INPUT RECORDS:

+++

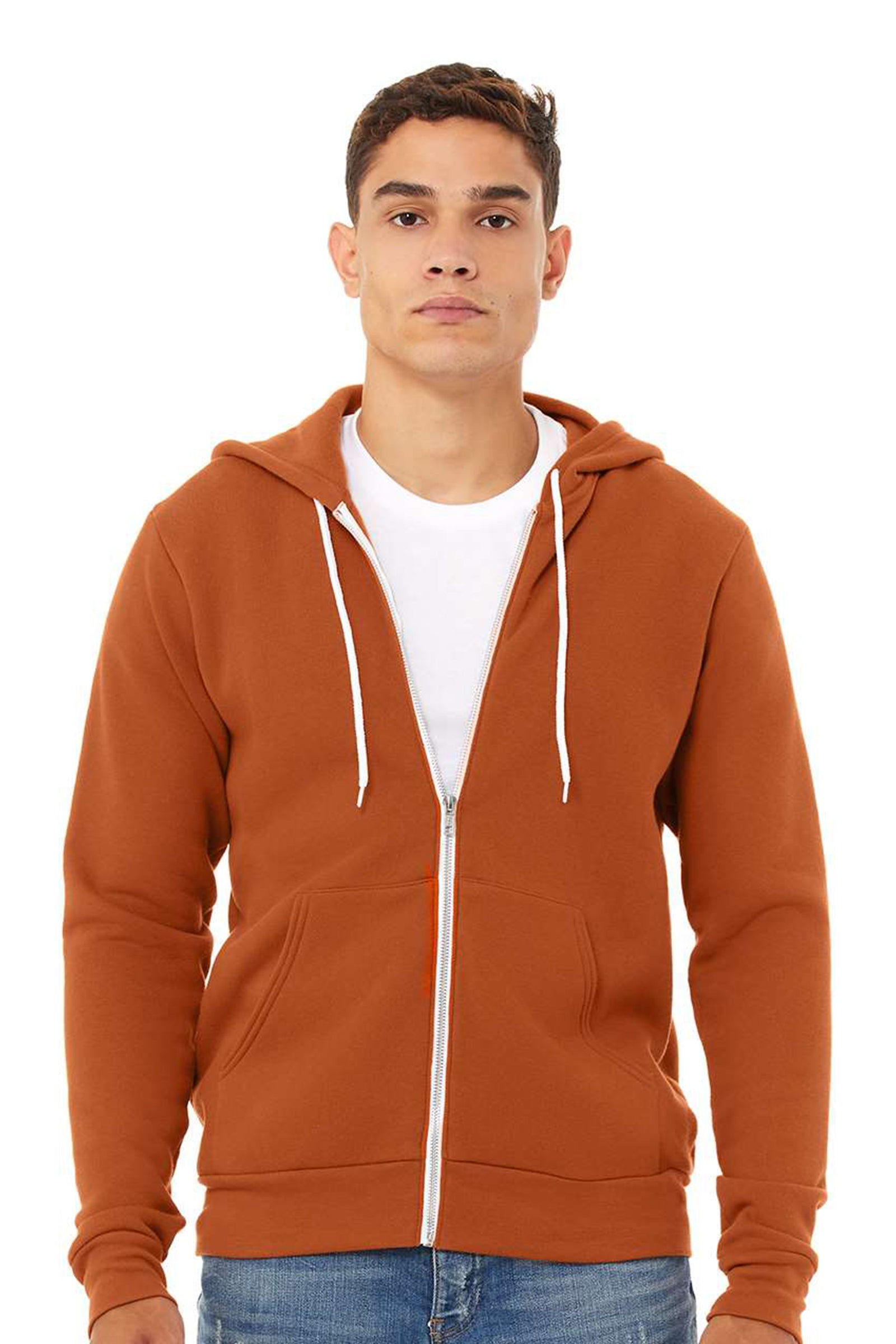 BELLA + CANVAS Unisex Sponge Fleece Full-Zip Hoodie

+++

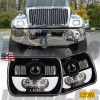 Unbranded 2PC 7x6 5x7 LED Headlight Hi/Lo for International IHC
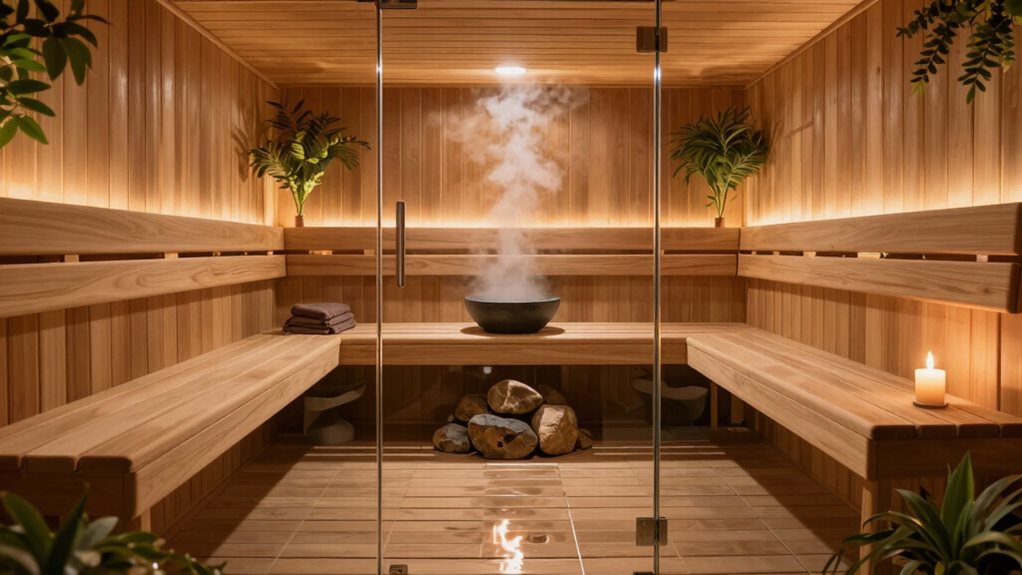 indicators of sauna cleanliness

+++

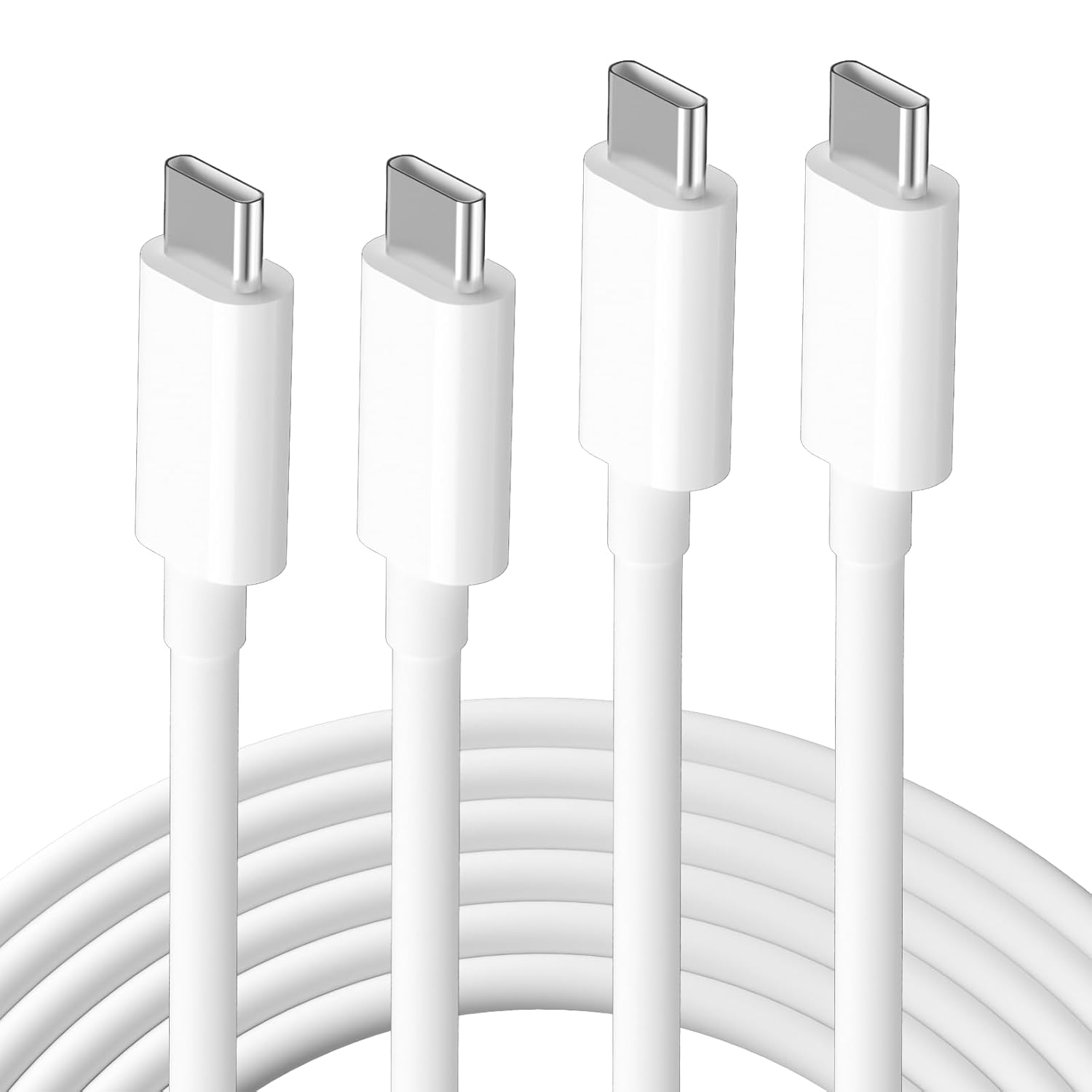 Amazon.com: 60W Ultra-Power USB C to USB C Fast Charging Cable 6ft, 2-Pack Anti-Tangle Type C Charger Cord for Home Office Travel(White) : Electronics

+++

WHAT TO PRODUCE: Using the records above, repeat exactly the run of lines that starts with the line with "Unbranded 2PC 7x6" and goes on through the line with "indicators of sauna cleanliness"; omit each picture.

RESPONSE AREA:
 Unbranded 2PC 7x6 5x7 LED Headlight Hi/Lo for International IHC
 indicators of sauna cleanliness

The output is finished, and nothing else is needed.